Bastien partit, Véron et quelques voisins, accourus au bruit de la lutte, engagèrent Robert à porter plainte.  Il devait se mettre se mettre à l’abri de ce vaurien.  Robert leur déclara qu’il avait joué et perdu.  Irrité par tout ce monde qui le pressait à agir contre son agresseur, il ajouta sèchement que ses discussions avec Bastien ne regardaient que lui-même.  Cependant, resté seul avec Véron, Robert lui confia que cette situation devenait intolérable et lui proposa tout de go d’attirer Bastien dans l’une des maisons de Versailles, de l’y assassiner et de l’y enterrer dans le jardin.
Sans hésiter, Véron qui n’était pourtant pas un enfant de chœur, refusa cette proposition.

Qui était ce Bastien ?  Quelle mystérieuse domination exerçait-il sur Robert ?  Bastien, ancien maître menuisier avait, pour échapper à ses nombreux créanciers, quitté Grenoble en 1819.  Installé à Paris l’année suivante, il habita une maison  de la rue du cimetière Saint-Nicolas où Robert vendait son vin.  Bastien prenait ses repas chez Robert, et, depuis la disparition de la veuve Houet, les deux hommes conservaient des relations intimes et fréquentes.

Quelques temps après cette scène violente, Robert et Véron quittèrent la rue de la Harpe et s’établirent à Versailles.  Ils surveillaient les réparations à faire aux maisons de la famille Houet.  Revenant d’un voyage à Paris, Robert raconta en pleurant à Véron qu’il avait rencontré Bastien.  Un pistolet sous le menton, celui-ci lui avait fait souscrire 30.000 francs de billets.  Véron, qui ne savait pas tout, et pour cause,  parla une nouvelle fois d’une plainte au procureur du roi.  Robert qui avait de bonnes raisons pour ne pas mêler la justice à ses affaires, préféra la fuite au scandale.  Il chercha à échapper aux recherches de Bastien.  C’était là tenter l’impossible, Bastien connaissait trop la vie et les affaires de sa victime.  Néanmoins, Robert se cacha à Dannemoine, mais ne put éviter l’inévitable.

Dannemoine

En 1827, Bastien parut tout à coup à Dannemoine.
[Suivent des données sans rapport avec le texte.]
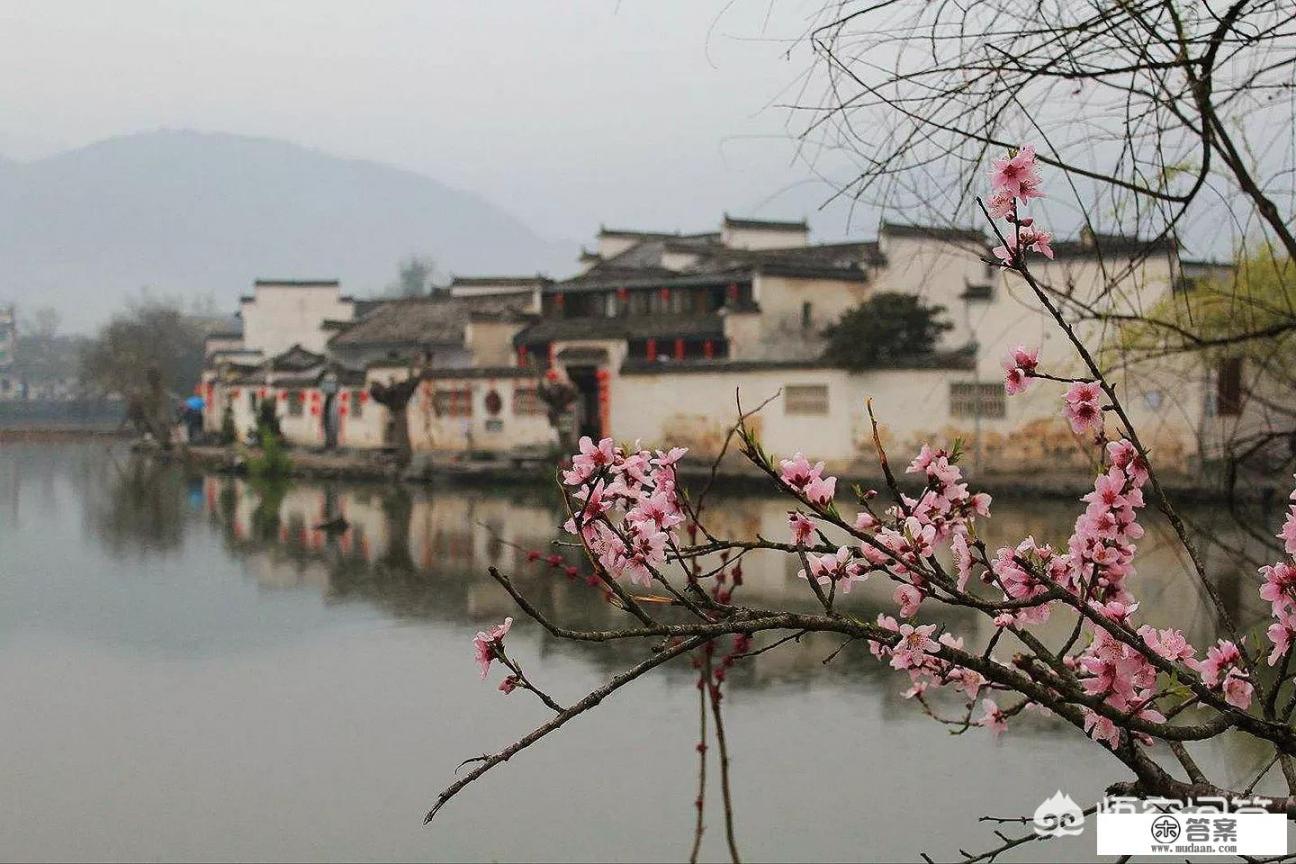 宏村停车攻略？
Il cherchait à faire accepter par les époux Robert douze lettres de change pour un montant de 6.000 francs.  Cette persécution nouvelle saisissait Robert au moment où, dans la plus grande discrétion, il venait de vendre la maison de Dannemoine, et de se préparer un nouveau refuge à Villeneuve-le-Roi.  La femme de Robert était partie la première pour préparer la nouvelle habitation ; on la rattrapa à Germigny, pour lui faire signer les billets exigés.  L’entrevue ne fut pas sans orages.  Dans l’auberge du village, une querelle violente éclata pendant la nuit.  L’aubergiste, caché dans une chambre contiguë, entendit Bastien dire à Robert :
-       Voyons ! ai-je fait le fait, ou l’ai-je fait faire ?
-       Oui, c’est vrai, répondit Robert.
-       Eh bien ! tu dois me payer.
-       Hélas ! mon Dieu ! c’est vrai, il faut payer.

Robert, luttant pied à pied, avait résisté jusqu’au lever du soleil, pas de signature.  Il quitta un moment la chambre et vint trouver discrètement l’aubergiste.  Il lui remit un écu de 6 francs :
-       Tenez, dit-il, il y a ici un homme dont je ne puis me débarrasser, qui me demande de l’argent et à qui je n’en veux point donner ; quand il sera là devant vous, je vous dirai que je n’ai pas le sou, et vous me prêterez un écu.
L’aubergiste refusa de se prêter à cette comédie et fit part à Bastien du manège inventé par Robert :
-       Ah ! c’est comme ça, dit Bastien ; eh bien ! dites-lui qu’il n’y a pas chez lui un brin de paille qui ne soit à moi, et, s’il le faut, j’irai m’installer chez lui et l’en chasser.
Robert paya donc leur séjour à l’aubergiste, et tous deux, indéfinissables et inquiétants, enchaînés à vie par un terrible secret, s’en allèrent ensemble. 

A suivre…






jeudi 3 mai 2012

Un jardin, une fosse et un squelette

Paris, 1833

Le 26 avril de cette année-là, rue de Vaugirard, deux fiacres s’arrêtèrent devant la maison portant le numéro 81.  De la première voiture, descendit un homme maigre, aux traits fatigués, à la tenue sévère, portant une serviette de cuir noir.  Derrière lui suivaient deux personnages à la mine inquiète ; l’un, court, très gros et vêtu avec recherche, cachait derrière d’énormes lunettes vertes des yeux sans cesse en mouvement. L’autre sec et maigre, habillé en ouvrier parvenu, dégageait un air morne et montrait des yeux inertes.  Un garde municipal en petite tenue et deux policiers, costauds rébarbatifs entouraient ces deux individus.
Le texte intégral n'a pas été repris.